§ Exercise requirements
Every line from the one holding "SsangYong Korando 2010–2019" through the last line of the records must be retyped exactly, and no other line or picture may appear in the copy.

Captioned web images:
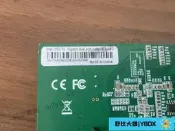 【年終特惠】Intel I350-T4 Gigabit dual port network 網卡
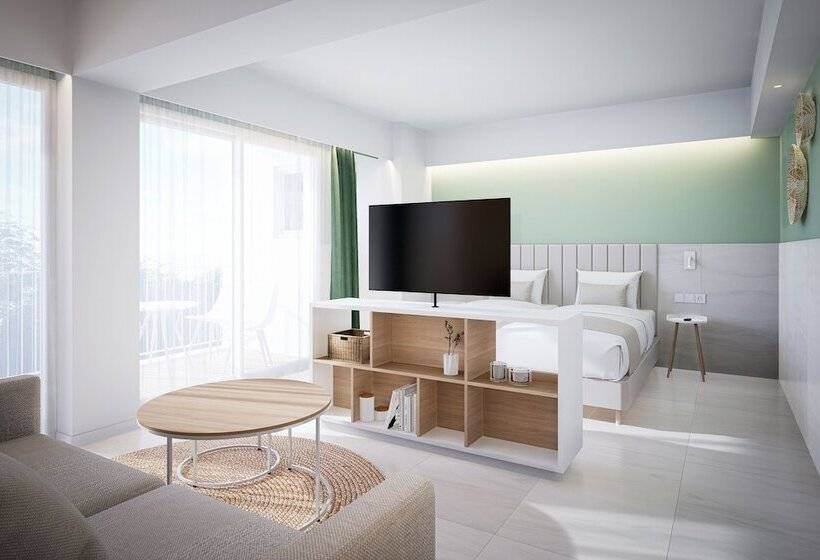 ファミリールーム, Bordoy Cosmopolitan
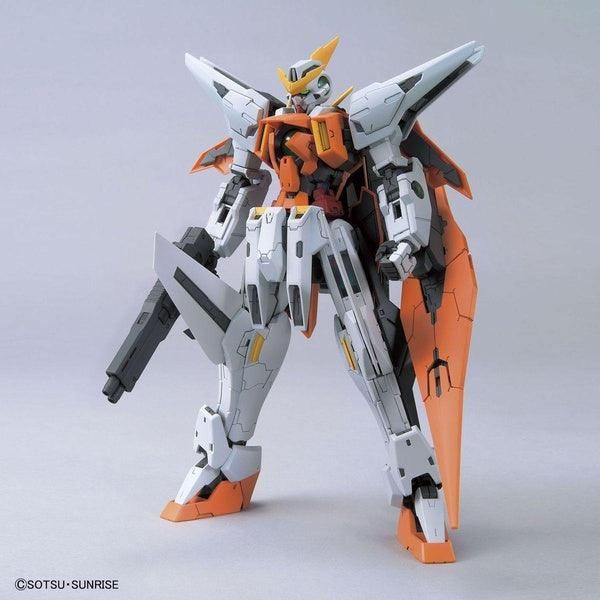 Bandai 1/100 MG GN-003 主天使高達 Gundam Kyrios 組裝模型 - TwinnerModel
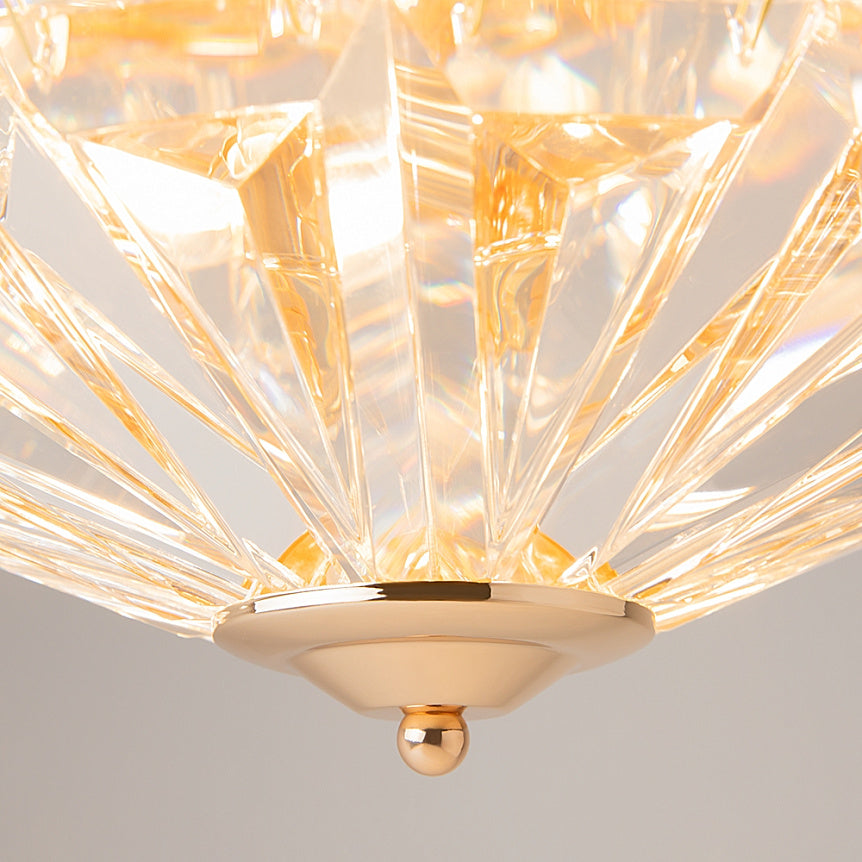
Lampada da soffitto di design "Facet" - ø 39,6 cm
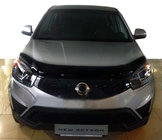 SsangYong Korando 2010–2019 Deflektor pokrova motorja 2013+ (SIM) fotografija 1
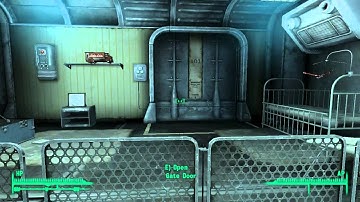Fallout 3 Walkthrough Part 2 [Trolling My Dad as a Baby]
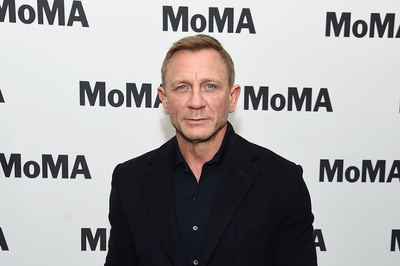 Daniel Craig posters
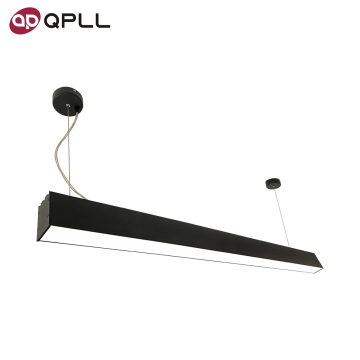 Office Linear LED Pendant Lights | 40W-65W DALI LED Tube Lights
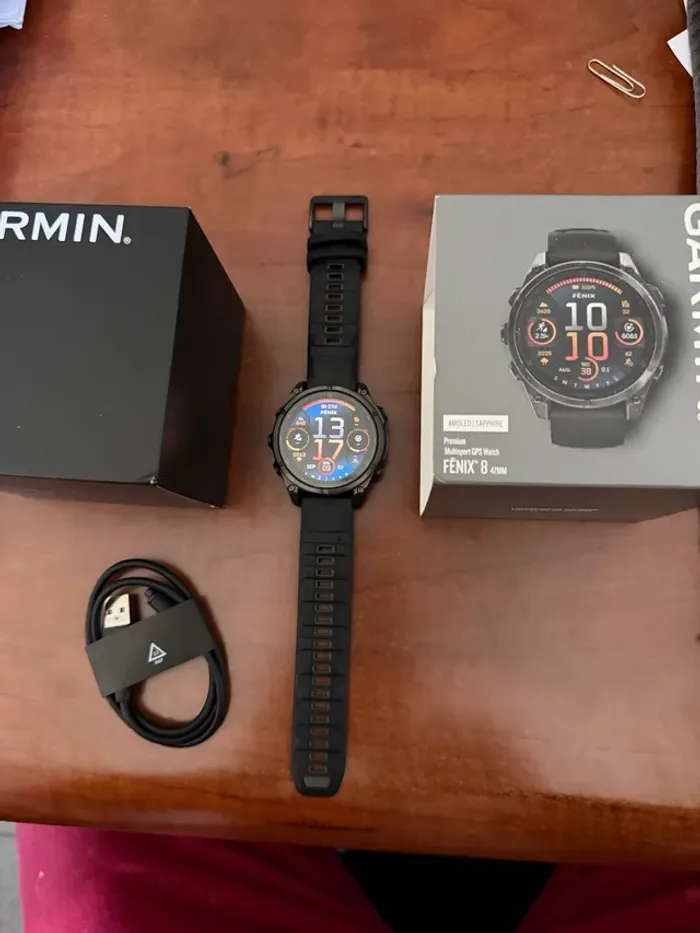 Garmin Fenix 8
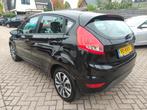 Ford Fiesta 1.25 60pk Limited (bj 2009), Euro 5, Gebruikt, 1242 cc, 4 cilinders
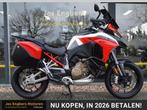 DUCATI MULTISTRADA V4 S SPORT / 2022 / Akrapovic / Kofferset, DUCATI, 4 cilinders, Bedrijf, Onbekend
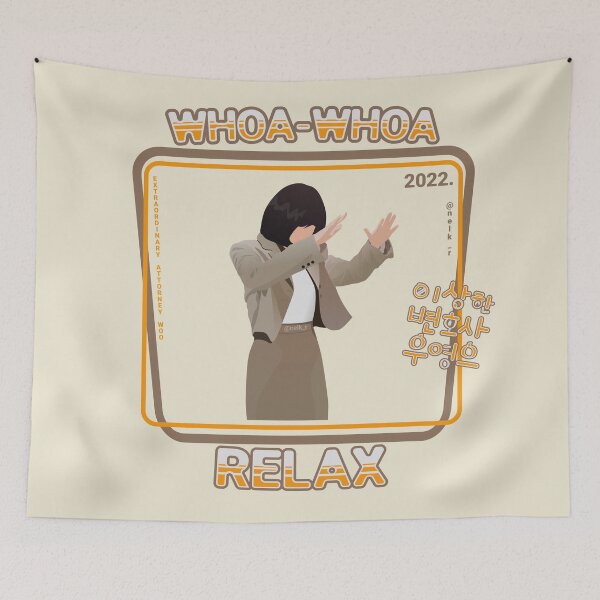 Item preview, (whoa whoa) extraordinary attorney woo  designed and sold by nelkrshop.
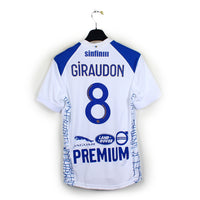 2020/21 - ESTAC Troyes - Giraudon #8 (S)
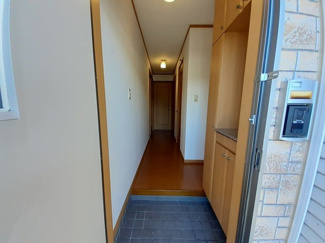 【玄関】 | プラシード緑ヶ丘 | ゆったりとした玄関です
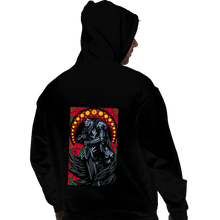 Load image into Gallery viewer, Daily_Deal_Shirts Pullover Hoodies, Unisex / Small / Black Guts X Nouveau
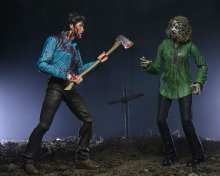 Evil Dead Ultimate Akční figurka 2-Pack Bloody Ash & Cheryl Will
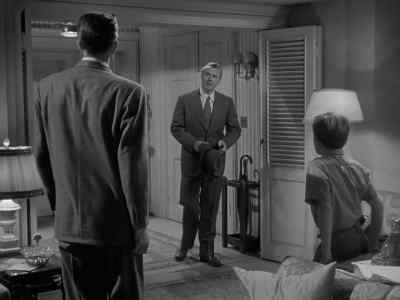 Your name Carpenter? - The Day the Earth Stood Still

§ Written solution
 SsangYong Korando 2010–2019 Deflektor pokrova motorja 2013+ (SIM) fotografija 1
Fallout 3 Walkthrough Part 2 [Trolling My Dad as a Baby]
 Daniel Craig posters
 Office Linear LED Pendant Lights | 40W-65W DALI LED Tube Lights
 Garmin Fenix 8
 Ford Fiesta 1.25 60pk Limited (bj 2009), Euro 5, Gebruikt, 1242 cc, 4 cilinders
 DUCATI MULTISTRADA V4 S SPORT / 2022 / Akrapovic / Kofferset, DUCATI, 4 cilinders, Bedrijf, Onbekend
 Item preview, (whoa whoa) extraordinary attorney woo  designed and sold by nelkrshop.
 2020/21 - ESTAC Troyes - Giraudon #8 (S)
 【玄関】 | プラシード緑ヶ丘 | ゆったりとした玄関です
 Load image into Gallery viewer, Daily_Deal_Shirts Pullover Hoodies, Unisex / Small / Black Guts X Nouveau
 Evil Dead Ultimate Akční figurka 2-Pack Bloody Ash & Cheryl Will
 Your name Carpenter? - The Day the Earth Stood Still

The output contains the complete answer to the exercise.